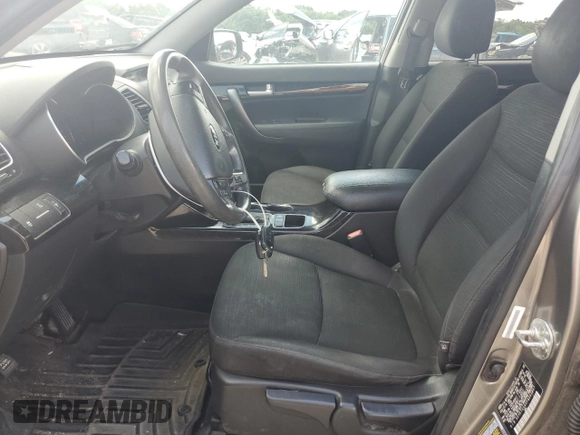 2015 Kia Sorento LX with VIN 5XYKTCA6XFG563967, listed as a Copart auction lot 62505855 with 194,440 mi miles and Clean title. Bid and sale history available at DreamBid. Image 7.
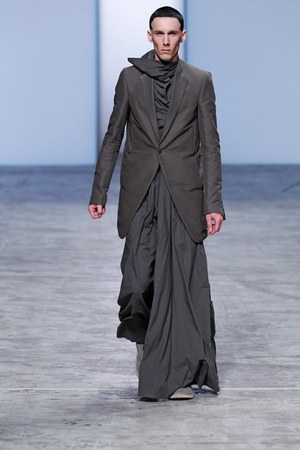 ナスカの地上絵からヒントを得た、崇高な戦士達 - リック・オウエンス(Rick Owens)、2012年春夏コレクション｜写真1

---

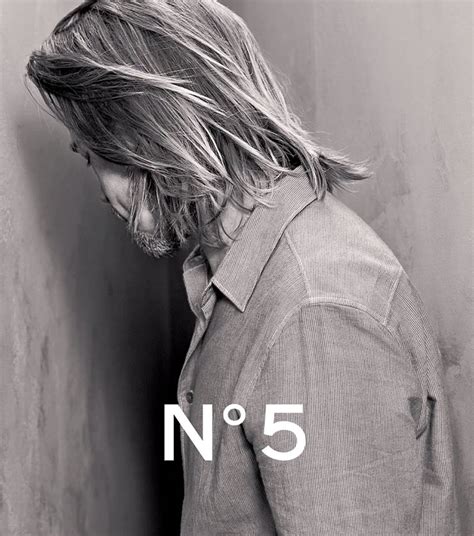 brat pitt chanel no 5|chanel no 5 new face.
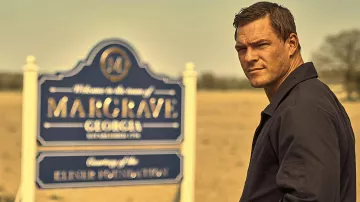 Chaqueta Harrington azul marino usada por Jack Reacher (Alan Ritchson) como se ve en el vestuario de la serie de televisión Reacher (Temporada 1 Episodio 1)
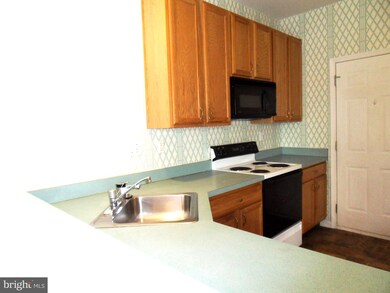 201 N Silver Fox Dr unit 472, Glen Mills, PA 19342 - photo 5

Exercise directions: Your answer must be the lines above from the one holding "2015 Kia Sorento" up to and including the one holding "ナスカの地上絵からヒントを得た、崇高な戦士達 - リック・オウエンス(Rick", exact and with no pictures.

The answer:
 2015 Kia Sorento LX with VIN 5XYKTCA6XFG563967, listed as a Copart auction lot 62505855 with 194,440 mi miles and Clean title. Bid and sale history available at DreamBid. Image 7.
 ナスカの地上絵からヒントを得た、崇高な戦士達 - リック・オウエンス(Rick Owens)、2012年春夏コレクション｜写真1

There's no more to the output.